◆ To do:
Give the listing again in full, exactly as written.

◆ Data:
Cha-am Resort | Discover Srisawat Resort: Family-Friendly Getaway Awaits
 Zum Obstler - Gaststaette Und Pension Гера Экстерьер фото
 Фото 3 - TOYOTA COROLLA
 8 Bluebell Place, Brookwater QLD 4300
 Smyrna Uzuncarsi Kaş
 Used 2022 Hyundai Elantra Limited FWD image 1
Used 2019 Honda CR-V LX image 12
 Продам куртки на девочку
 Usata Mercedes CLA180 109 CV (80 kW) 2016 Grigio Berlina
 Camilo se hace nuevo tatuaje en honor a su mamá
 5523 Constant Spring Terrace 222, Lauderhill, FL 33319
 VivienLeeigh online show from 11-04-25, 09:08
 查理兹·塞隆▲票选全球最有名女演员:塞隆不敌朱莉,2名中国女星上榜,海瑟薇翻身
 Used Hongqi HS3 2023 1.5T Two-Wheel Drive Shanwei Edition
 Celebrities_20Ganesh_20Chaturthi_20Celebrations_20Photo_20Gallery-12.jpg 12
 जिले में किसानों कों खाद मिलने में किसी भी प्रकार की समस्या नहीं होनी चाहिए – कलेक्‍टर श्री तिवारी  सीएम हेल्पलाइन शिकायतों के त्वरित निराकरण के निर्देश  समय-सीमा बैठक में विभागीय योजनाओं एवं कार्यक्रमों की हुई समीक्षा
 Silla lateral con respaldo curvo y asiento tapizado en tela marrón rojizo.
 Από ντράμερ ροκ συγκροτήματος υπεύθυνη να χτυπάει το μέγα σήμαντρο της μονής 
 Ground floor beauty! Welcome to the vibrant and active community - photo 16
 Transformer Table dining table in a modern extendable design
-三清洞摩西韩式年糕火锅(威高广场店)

◆ Result:
Cha-am Resort | Discover Srisawat Resort: Family-Friendly Getaway Awaits
 Zum Obstler - Gaststaette Und Pension Гера Экстерьер фото
 Фото 3 - TOYOTA COROLLA
 8 Bluebell Place, Brookwater QLD 4300
 Smyrna Uzuncarsi Kaş
 Used 2022 Hyundai Elantra Limited FWD image 1
Used 2019 Honda CR-V LX image 12
 Продам куртки на девочку
 Usata Mercedes CLA180 109 CV (80 kW) 2016 Grigio Berlina
 Camilo se hace nuevo tatuaje en honor a su mamá
 5523 Constant Spring Terrace 222, Lauderhill, FL 33319
 VivienLeeigh online show from 11-04-25, 09:08
 查理兹·塞隆▲票选全球最有名女演员:塞隆不敌朱莉,2名中国女星上榜,海瑟薇翻身
 Used Hongqi HS3 2023 1.5T Two-Wheel Drive Shanwei Edition
 Celebrities_20Ganesh_20Chaturthi_20Celebrations_20Photo_20Gallery-12.jpg 12
 जिले में किसानों कों खाद मिलने में किसी भी प्रकार की समस्या नहीं होनी चाहिए – कलेक्‍टर श्री तिवारी  सीएम हेल्पलाइन शिकायतों के त्वरित निराकरण के निर्देश  समय-सीमा बैठक में विभागीय योजनाओं एवं कार्यक्रमों की हुई समीक्षा
 Silla lateral con respaldo curvo y asiento tapizado en tela marrón rojizo.
 Από ντράμερ ροκ συγκροτήματος υπεύθυνη να χτυπάει το μέγα σήμαντρο της μονής 
 Ground floor beauty! Welcome to the vibrant and active community - photo 16
 Transformer Table dining table in a modern extendable design
-三清洞摩西韩式年糕火锅(威高广场店)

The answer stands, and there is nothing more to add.